Но смог бы Колин просто смотреть и ничего не сделать, в то время, как моего отца убивали? Смог бы?
И почему, ради всего святого, во мне всё ещё что-то скучает по Анжело? Почему становилось так больно, когда я пытаюсь представить, какой будет жизнь без него. Без роскоши наблюдать за тем, что он делает, даже если это только игра на пианино, что-то, в чём я на самом деле ничего не смыслю? Почему мне становится страшно, когда я думаю о том, что никогда больше не смогу его увидеть?
Да, в том, что касалось Анжело, я могла думать о будущем. Сомнительные же чары наложил на меня Морфий. Не мог он учесть и этот пункт? Это ведь извращение, то, что я всё ещё хочу вернуться к нему и всё искупить. Извинится! Мне нельзя извинятся, за что?
Я ведь точно знала, что он сделал, мне нельзя дарить ему даже секунды моей близости, это я понимала!
В то время, как моё желание и разум ожесточённо ссорились друг с другом, я медленно доела всё, что было на тарелке, расплатилась и вышла из ресторана. Часов у меня больше не было, поэтому я не знала, сколько время, но на улочках стало намного тише.
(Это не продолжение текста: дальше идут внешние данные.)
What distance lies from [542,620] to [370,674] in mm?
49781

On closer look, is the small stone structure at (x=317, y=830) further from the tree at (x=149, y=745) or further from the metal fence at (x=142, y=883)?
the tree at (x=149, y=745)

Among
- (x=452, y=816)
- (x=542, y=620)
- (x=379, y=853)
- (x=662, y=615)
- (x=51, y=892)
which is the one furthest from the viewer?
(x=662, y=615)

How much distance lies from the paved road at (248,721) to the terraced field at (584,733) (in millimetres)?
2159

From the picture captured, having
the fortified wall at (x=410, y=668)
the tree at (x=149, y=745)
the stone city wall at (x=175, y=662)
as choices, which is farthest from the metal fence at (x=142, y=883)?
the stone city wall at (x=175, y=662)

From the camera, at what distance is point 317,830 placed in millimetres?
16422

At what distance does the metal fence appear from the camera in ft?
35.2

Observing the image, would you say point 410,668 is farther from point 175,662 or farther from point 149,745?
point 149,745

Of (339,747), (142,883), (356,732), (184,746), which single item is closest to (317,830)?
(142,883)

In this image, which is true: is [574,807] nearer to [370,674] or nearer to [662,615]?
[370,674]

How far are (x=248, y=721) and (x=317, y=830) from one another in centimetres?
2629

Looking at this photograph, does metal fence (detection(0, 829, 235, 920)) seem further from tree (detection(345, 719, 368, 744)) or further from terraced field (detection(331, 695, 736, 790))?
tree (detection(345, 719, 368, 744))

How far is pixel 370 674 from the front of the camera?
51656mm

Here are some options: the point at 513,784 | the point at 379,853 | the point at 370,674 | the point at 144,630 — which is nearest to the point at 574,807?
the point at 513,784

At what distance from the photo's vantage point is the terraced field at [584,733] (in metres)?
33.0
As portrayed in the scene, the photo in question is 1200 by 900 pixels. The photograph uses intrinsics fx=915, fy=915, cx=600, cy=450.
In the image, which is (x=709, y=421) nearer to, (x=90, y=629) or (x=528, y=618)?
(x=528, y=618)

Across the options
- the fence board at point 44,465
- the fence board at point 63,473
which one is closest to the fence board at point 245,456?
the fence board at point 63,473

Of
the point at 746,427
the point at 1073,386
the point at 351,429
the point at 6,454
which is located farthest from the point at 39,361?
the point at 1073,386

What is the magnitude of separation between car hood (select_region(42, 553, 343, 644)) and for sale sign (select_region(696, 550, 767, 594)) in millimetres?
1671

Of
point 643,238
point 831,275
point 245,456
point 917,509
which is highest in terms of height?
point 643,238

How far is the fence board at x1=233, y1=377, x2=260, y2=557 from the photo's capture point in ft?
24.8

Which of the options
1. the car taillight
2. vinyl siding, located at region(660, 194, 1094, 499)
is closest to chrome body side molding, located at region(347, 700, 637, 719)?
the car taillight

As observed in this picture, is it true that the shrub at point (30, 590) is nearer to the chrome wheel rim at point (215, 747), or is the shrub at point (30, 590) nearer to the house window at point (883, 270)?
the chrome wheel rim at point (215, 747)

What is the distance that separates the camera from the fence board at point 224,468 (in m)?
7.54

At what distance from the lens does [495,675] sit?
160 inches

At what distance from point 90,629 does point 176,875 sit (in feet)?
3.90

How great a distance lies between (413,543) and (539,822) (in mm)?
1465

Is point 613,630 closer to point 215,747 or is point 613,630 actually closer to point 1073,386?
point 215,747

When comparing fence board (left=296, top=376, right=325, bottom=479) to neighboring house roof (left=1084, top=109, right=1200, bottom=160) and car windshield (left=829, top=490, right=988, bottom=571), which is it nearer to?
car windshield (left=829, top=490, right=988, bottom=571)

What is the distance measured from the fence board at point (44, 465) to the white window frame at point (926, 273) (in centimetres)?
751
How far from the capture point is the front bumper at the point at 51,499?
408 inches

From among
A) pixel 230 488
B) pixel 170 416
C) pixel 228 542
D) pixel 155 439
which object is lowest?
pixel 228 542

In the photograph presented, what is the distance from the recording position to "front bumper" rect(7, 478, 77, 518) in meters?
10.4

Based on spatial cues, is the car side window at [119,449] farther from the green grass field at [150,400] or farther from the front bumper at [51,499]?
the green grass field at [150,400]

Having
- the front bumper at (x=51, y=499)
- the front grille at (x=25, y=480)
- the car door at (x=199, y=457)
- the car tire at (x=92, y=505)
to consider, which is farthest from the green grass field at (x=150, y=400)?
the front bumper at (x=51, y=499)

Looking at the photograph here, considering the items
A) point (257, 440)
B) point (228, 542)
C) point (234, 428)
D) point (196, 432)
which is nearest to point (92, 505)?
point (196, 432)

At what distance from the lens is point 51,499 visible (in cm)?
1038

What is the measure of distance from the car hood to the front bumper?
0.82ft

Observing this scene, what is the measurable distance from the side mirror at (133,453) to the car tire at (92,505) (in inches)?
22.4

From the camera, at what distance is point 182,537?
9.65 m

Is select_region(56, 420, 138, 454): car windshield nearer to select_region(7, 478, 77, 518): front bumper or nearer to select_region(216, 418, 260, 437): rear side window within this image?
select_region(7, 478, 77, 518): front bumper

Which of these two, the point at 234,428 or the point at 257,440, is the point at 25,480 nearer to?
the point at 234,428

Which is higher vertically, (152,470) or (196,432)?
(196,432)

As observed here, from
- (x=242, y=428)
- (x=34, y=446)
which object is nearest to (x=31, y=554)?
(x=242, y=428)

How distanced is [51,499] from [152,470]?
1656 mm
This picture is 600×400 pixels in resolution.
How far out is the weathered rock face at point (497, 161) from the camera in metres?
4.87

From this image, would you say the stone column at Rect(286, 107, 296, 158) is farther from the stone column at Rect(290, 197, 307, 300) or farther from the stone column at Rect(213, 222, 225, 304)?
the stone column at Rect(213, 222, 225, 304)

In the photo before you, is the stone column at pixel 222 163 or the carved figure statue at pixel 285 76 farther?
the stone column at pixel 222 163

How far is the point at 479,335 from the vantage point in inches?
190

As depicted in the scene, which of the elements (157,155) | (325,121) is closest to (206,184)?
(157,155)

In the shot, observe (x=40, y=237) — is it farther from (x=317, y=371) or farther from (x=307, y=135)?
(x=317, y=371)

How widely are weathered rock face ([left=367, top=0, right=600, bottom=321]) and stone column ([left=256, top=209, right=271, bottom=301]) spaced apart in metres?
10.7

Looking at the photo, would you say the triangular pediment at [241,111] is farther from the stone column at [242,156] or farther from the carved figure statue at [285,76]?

Только сейчас я заметила собак. Я не любительница собак; спасение Россини было лишь необходимой мерой, и этого требовало моё сердце, в конце концов он ведь не виноват, что у него был такой кошмарный хозяин, а у господина Шютц он находился в хороших руках. На самом деле я скорее предпочитала кошек. Но эти животные смотрели на меня по-другому, чем те, с которыми я была знакома до сих пор.
Очевидно они были дикими, хотя казались хорошо упитанными; не на одной из них не было одето ошейника, и они образовали небольшие стаи. Они никогда не лаяли и не рычали, предусмотрительно избегали людей, спали на краю улочки или на небольшом каменном заборчике, иногда на крышах, расположенных уровнем ниже домов. Хотя речь шла здесь о настоящих дворнягах, они излучали величественную гордость. Никогда бы не подумала, что собака может иметь такую.
Я села на край забора и заболтала ногами. Небольшая стая, состоящая из старой, седой дворняги, немного похожей на овчарку, вожака группы и четырёх собак неопределяемой, достающей до колен помеси, с длинными ногами и узкими головами, легли передо мной на дорогу в ожидании, сложив морды на лапы. Их коричневые, нежные глаза оставались открытыми, уши навострёнными. Чего они ждут? Я пыталась вникнуть в их терпеливые взгляды и испугалась, когда человеческий голос коснулся моего слуха. Короткий смех, потом бормотание, показавшееся мне знакомым, но, когда я подняла взгляд, увидела только затылки нескольких пожилых, бойко марширующих туристов, дамы с фиолетово-отсвечивающей завивкой и лысые мужчины. Собаки встали и зевая и тяжело дыша, потянулись. Вожак стаи призывно посмотрел на меня.